Lev: Oh, yes. Well, to some extent. Obviously, they came out of me. Quentin is a pretty accurate depiction of what I was like when I was 17 – a big fanboy, intellectually overdeveloped, emotionally very stupid, socially not all there, really overinvested in worlds that aren't real. There's a lot of Quentin in me, and there's a lot of Julia in me. Julia is probably the character I feel closest to in the books. She's somebody who is managing an enormous amount of anger. Her story is about the person who was left behind, who didn't get in and tried to make things happen for herself and at great personal cost. It was a story for personal reasons that I really felt was mine. But there are lots of them. Janet is sort of like who I aspire to be, if I just didn't self-edit quite so much. That's what I would sound like. But Quentin is really... that's the one [who is] the most of me. And the way Jason plays Quentin on screen, I've never seen a character quite like that on screen before, and I found myself all over again and saying, "Wow. Yeah, that is what it was like for me." It was nice to see.

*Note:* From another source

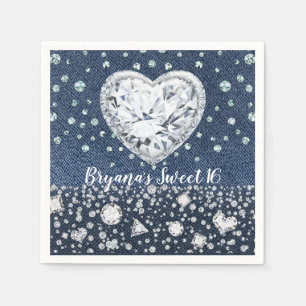 Blauw Spijkerbroek Denim & Diamanten Bling Diamant Servet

MN: Are you going to make a cameo anywhere? Pull a Peter Jackson?
Lev: I don't know if I... yes.
MN: Oh! Okay.
Lev: I've shot it already.
MN: Oh. Cool, fabulous.
Lev: It's not in the pilot, but keep an eye out for it.
MN: Do you clearly look like you, or do you look like someone else?
Lev: Oh, no, I look all too much like myself.
Our interview with Lev concludes our coverage of our trip to the set of The Magicians! Thank you to Lev, the cast and crew, and everyone at Syfy who made this trip possible.